Vemos que al tiempo que las cajas de ahorro su hundían, sus directivos se enriquecían, algo de lo que nos hemos enterado solamente porque la quiebra de las entidades financieras ha generado una publicidad que no existe en casi ningún otro ámbito. Goldman Sachs ha nombrado a los últimos Secretarios del Tesoro norteamericano desde, al menos, los tiempos de Reagan. Y el asesor de Zapatero es hoy el asesor de la patronal financiera. Solbes está en Barclays y Rato en Bankia. Y Cospedal cobra varios sueldos mientras Rajoy sabe que gana “un poco más” de lo que alguien le recuerda.
Los mismos que condenan al hambre, son los que mueren de glotonería. Los mercados, que lejos de ser tales son redes de información privilegiada, saben que no tienen que confiar en nadie y por eso son tan sensibles a cualquier movimiento, especialmente los que vienen de la banca o de la política, que cada vez están más indiferenciados. La bolsa sabe –sus articuladores- que las aguas en donde ellos moran están llenas de tiburones. Lo que ellos no cojan, lo cogerán otros. Es una cuestión de rapidez. Es el juego de la silla. Ellos lo saben. La ciudadanía no.
Mencionar esto ya no sirve tampoco de gran cosa. Podemos oír estas quejas incluso en las radios públicas. Pero no se genera ninguna transformación. La sobreinformación, el tono jocoso o la saturación ante el horror consiguen que no ocurra nada. También la esperanza de no estar señalado para ser de los que se hundan. Una estrategia históricamente bastante desafortunada.
Quedaría el escrache, esa táctica ciudadana inventada por los hijos de los desaparecidos durante la dictadura argentina, que consistía en perseguir a los torturadores a la panadería, al portal de su casa, al restaurante, al cine, para decirle a todo el mundo que esas personas de aspecto adorable eran monstruos. Interrogado el enriquecido director de la quebrada Caja del Mediterráneo sobre si tenía la conciencia tranquila, sin mover un músculo de la cara, y sabiéndose respaldado por el obispo responsable, contestó: “totalmente”. En cualquier caso, esa misma noche podía ir a cenar al restaurante más caro de la ciudad sin verse interrumpido.
Hay un ángulo no alumbrado de las reformas educativas. Las clases privilegiadas, cada vez con más nitidez, no quieren que sus cachorros se mezclen con la chusma. La élite aristocrática siempre ha organizado fiestas para que sus hijas, jóvenes y atolondradas, no cometieran la tontería de enamorarse de alguien de otra clase. Cuanto antes se comprometieran, mejor, porque así se conjuraba que se fueran, no con con un trompista negro de la vecindad, como rezaba la canción, sino con alguien que no tuviera detrás unas cuantas generaciones de solvencia. Esos que aún podían llegar a algunos colegios o a algunas universidades.

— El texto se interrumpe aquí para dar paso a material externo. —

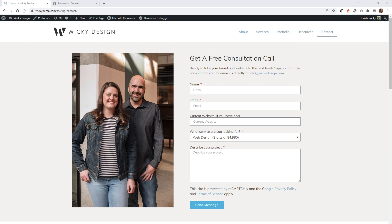Hi, this is Mark from Wikidesign. In this video, I'm going to show you an easy way to send an autoresponse email using Elementor. To follow this tutorial, you will need Elementor Pro. Without wasting any more time, let's just jump right into it.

En los tiempos que corren, hay que asegurar las diferencias. Y esa lógica recorre casi todas las transformaciones. En los colegios, en los barrios, en las universidades. De ahí el escándalo de Esperanza Aguirre de que alguien pueda rondar su portal. Ahora que ya no está ETA ni su macabra excusa, igual vienen los que de verdad tienen razones para estar enfadados.